The change that has generated the most attention is the filing deadline, which will be shortened from 10 calendar days to 5 calendar days, when it comes into effect on October 30, 2010. This is seen as the biggest change, hence the additional six-month transition period.

“The five-day reporting period reflects a perception that the longer reporting window tends to detract from the purposes of insider reporting, which is to deter insider trading and to increase market efficiency by disclosing what insiders were doing,” says Surat.

He says there are consequences to late filing. “Late filing or non-filing of insider reports can become an issue for the reporting issuer when they are dealing with the securities commission,” he says. “There is always the potential for enforcement action if you’re a habitual late filer.”

The other major change is the introduction of the concept of a reporting insider. The intention of this concept is to limit insider reporting to a core group of insiders.
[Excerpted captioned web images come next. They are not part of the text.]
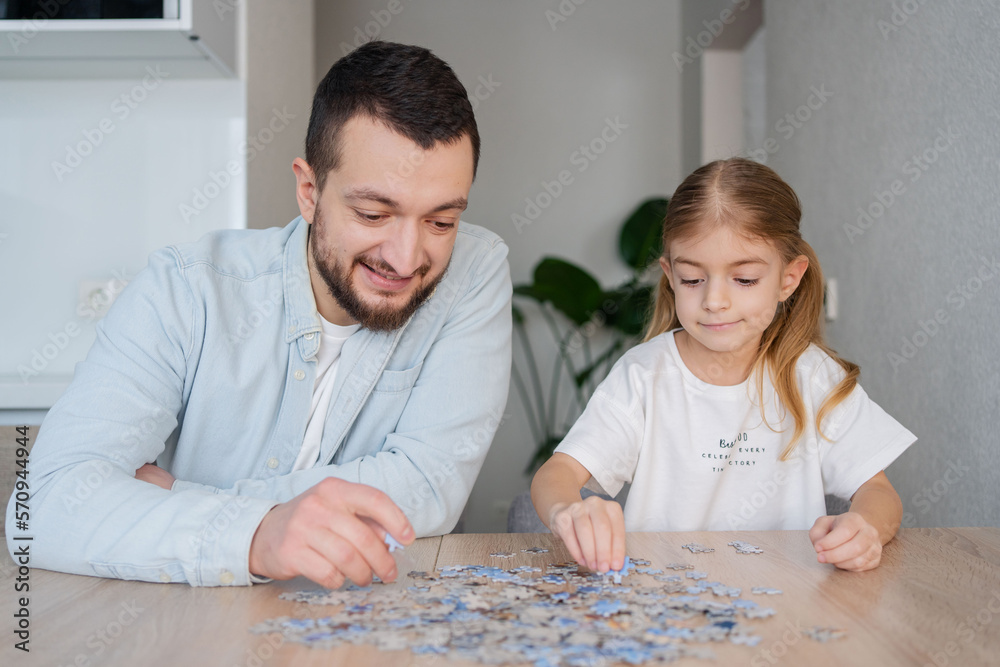 Fototapeta premium Father and daughter playing puzzles at home. Family connecting jigsaw puzzle pieces in a kitchen table. Kid assembling a jigsaw puzzle. Fun family leisure. Stay at home activity for kids.
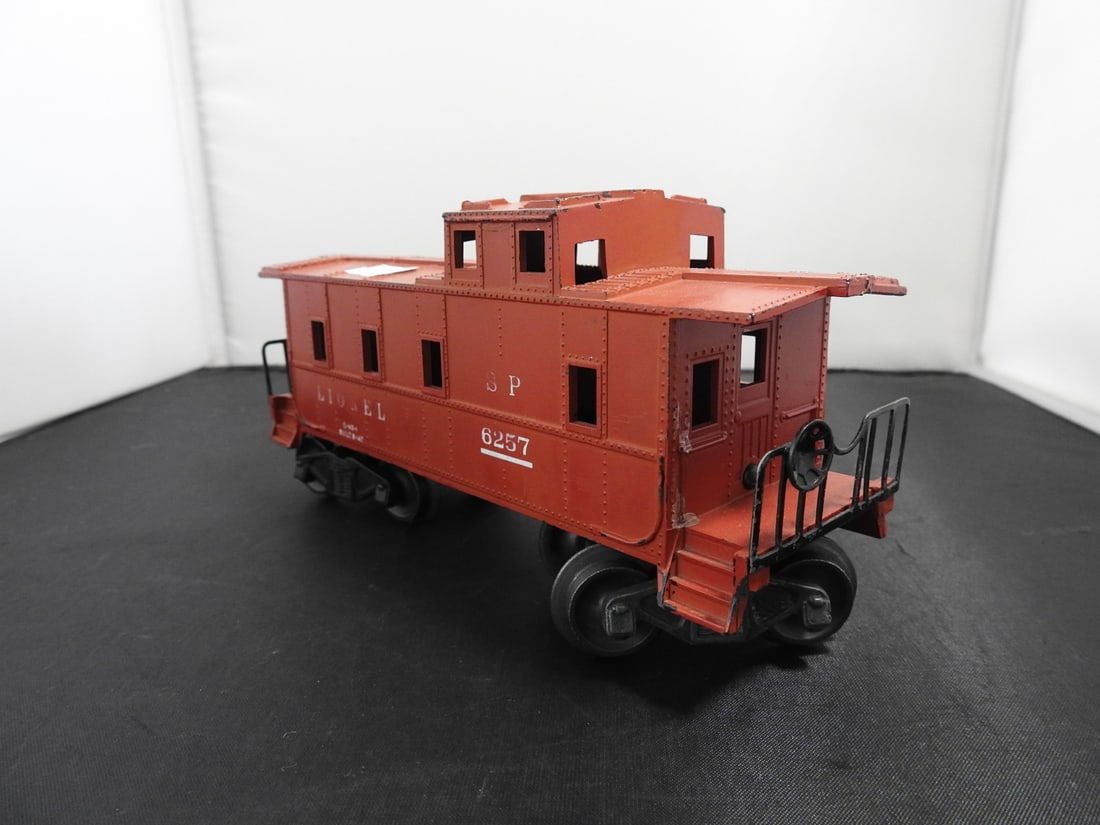Lionel No. 6257 Southern Pacific Caboose: Lionel O gauge No. 6257 Southern Pacific caboose with red/brown body, SP markings, end platforms, ladders, and black handrails. Postwar-era, 1950s-style caboose with visible paint wear. Approx. 3.5 x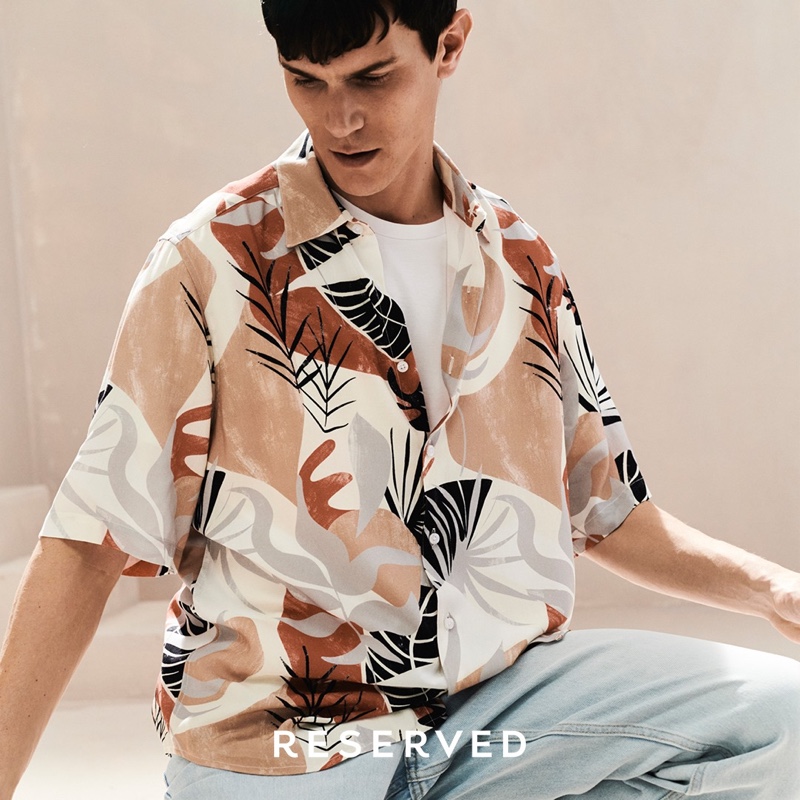 Vincent Lacrocq wears a graphic short-sleeve shirt with denim from Reserved.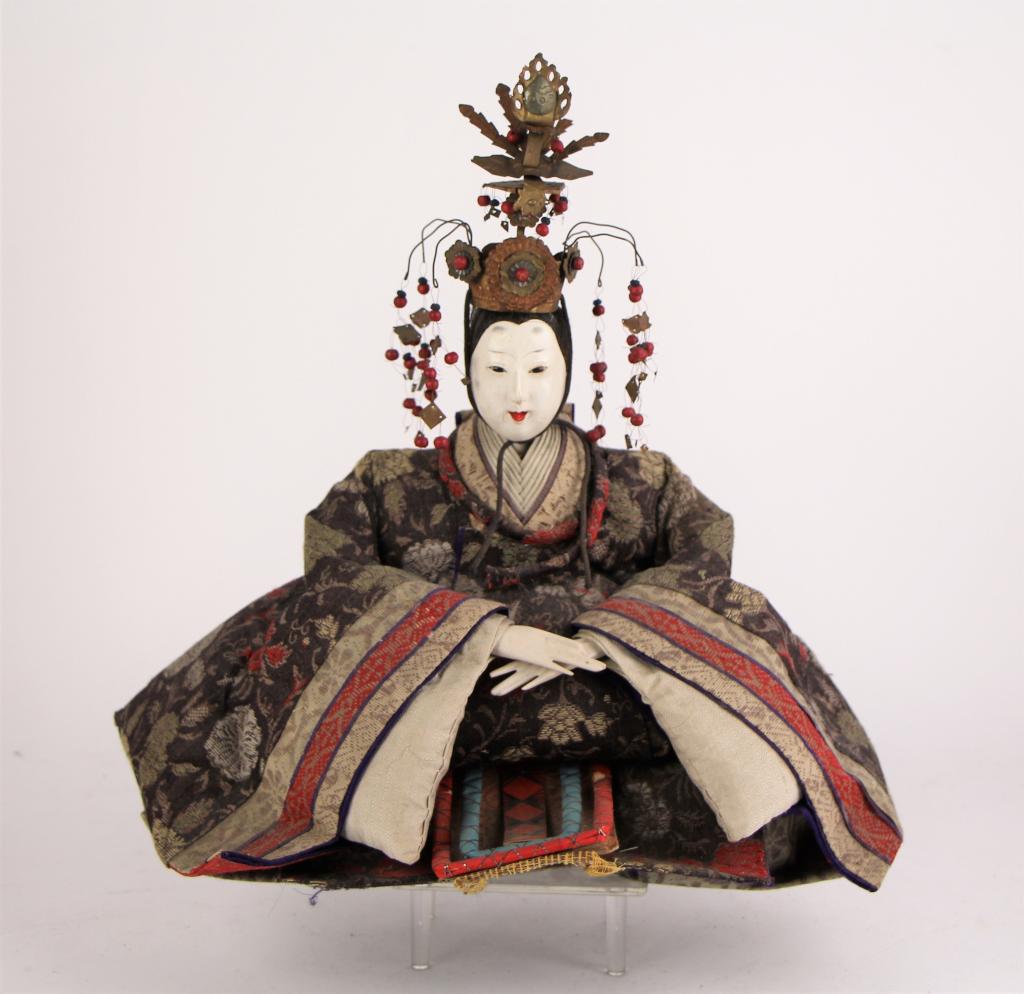 JAPANESE HINAMATSURI EMPRESS DOLL: With elaborate metal headdress, tapestry kimono. NOTE: Slight cracking on head (see photos.) Probably purchased at Holt Renfrew. From the collections of Paul Duval. Lt. 33 cm. (13 in.) Approx. weight:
The insiders market really wants to know about.

“By reducing the number of filers it both improves the relevancy of filing and to eliminate occasional users,” says Surat.

Another significant change in NI 55-104 is the introduction of the concept of significant shareholder based on post-conversion beneficial ownership. “The new rule will also include shareholders who hold either directly 10% securities holding 10% of the votes or have securities convertible or may be acquired within 60 days that would put them over the 10% threshold,” says Surat. This is potentially expanding the class of people who may be considered to be reporting insider, he says.

NI 55-104’s reporting requirements clearly state that reporting insiders are expected to disclose all dealings that affect their interests in the reporting issuer. Comments published with NI 55-104 suggest that the CSA expects all transactions to be reported, including cash-settled and physically-settled instruments.

The new rule preserves the existing exemption from direct reporting by certain insiders with respect to securities acquired and disposed of under automatic securities purchase programmes.

The new condition added to the insider reporting exemption “requires an eligible institutional investor to disclose in its early warning report its holdings under related financial instrument, which will include derivatives and the material terms of that instrument.”